What is being asked
The response should be the lines of the data, starting at the first and ending at the one that contains "Fiat 500 1.2 8V Lounge - 28", copied without change.

[Records from a data collection]
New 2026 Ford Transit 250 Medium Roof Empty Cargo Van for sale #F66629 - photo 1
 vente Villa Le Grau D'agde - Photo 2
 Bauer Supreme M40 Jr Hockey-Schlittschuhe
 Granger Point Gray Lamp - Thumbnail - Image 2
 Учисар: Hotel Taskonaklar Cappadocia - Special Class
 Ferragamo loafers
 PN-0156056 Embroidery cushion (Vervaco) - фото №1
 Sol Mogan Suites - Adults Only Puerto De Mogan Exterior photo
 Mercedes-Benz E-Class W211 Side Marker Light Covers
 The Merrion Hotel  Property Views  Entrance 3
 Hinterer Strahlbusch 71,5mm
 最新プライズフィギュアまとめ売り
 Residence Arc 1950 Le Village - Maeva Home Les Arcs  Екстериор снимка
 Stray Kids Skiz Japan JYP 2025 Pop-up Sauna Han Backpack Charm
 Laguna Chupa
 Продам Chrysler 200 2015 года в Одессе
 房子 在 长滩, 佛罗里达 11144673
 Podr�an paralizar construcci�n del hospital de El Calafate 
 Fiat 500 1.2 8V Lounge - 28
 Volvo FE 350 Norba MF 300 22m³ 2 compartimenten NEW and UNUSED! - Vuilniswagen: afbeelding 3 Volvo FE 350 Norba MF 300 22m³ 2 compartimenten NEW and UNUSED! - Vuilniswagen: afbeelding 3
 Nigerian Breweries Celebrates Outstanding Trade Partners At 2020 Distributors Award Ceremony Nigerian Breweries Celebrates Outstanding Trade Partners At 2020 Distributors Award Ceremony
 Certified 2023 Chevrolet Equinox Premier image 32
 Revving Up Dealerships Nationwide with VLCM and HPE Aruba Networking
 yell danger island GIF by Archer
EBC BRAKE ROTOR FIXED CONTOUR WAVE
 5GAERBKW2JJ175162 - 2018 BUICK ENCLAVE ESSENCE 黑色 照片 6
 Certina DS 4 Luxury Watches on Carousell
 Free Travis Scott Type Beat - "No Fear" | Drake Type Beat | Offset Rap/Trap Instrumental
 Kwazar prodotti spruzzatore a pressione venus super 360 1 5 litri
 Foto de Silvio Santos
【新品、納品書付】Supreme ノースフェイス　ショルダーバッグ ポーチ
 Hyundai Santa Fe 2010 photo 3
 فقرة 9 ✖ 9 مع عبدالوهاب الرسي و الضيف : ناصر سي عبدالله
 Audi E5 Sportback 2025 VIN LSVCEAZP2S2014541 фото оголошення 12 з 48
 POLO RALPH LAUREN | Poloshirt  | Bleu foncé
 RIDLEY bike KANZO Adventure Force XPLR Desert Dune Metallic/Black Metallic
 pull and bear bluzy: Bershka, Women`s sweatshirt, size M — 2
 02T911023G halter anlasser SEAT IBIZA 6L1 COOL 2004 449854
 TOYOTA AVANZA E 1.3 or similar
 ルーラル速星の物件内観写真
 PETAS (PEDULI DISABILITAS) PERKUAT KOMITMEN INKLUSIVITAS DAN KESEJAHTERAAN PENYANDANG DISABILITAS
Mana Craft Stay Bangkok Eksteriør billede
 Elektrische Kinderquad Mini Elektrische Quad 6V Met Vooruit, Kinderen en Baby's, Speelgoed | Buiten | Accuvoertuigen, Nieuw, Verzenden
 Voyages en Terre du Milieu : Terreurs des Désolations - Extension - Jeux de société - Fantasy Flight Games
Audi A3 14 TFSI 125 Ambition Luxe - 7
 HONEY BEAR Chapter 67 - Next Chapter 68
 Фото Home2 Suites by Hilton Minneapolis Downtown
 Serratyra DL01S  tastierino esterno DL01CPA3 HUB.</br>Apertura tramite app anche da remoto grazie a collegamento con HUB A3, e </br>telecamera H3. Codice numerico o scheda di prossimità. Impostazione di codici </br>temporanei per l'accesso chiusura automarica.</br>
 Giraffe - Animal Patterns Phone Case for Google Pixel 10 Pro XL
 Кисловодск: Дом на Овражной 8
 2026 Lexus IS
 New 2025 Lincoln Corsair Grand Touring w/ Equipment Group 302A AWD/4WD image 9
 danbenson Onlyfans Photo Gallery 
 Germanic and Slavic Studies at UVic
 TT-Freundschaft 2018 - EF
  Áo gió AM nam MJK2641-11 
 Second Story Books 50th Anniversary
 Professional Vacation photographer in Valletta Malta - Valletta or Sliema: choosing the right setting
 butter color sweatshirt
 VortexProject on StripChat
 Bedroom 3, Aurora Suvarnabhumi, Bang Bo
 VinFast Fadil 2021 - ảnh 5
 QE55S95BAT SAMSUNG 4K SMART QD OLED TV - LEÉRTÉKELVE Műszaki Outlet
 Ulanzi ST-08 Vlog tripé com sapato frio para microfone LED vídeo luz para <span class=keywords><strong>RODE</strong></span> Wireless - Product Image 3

Reply
New 2026 Ford Transit 250 Medium Roof Empty Cargo Van for sale #F66629 - photo 1
 vente Villa Le Grau D'agde - Photo 2
 Bauer Supreme M40 Jr Hockey-Schlittschuhe
 Granger Point Gray Lamp - Thumbnail - Image 2
 Учисар: Hotel Taskonaklar Cappadocia - Special Class
 Ferragamo loafers
 PN-0156056 Embroidery cushion (Vervaco) - фото №1
 Sol Mogan Suites - Adults Only Puerto De Mogan Exterior photo
 Mercedes-Benz E-Class W211 Side Marker Light Covers
 The Merrion Hotel  Property Views  Entrance 3
 Hinterer Strahlbusch 71,5mm
 最新プライズフィギュアまとめ売り
 Residence Arc 1950 Le Village - Maeva Home Les Arcs  Екстериор снимка
 Stray Kids Skiz Japan JYP 2025 Pop-up Sauna Han Backpack Charm
 Laguna Chupa
 Продам Chrysler 200 2015 года в Одессе
 房子 在 长滩, 佛罗里达 11144673
 Podr�an paralizar construcci�n del hospital de El Calafate 
 Fiat 500 1.2 8V Lounge - 28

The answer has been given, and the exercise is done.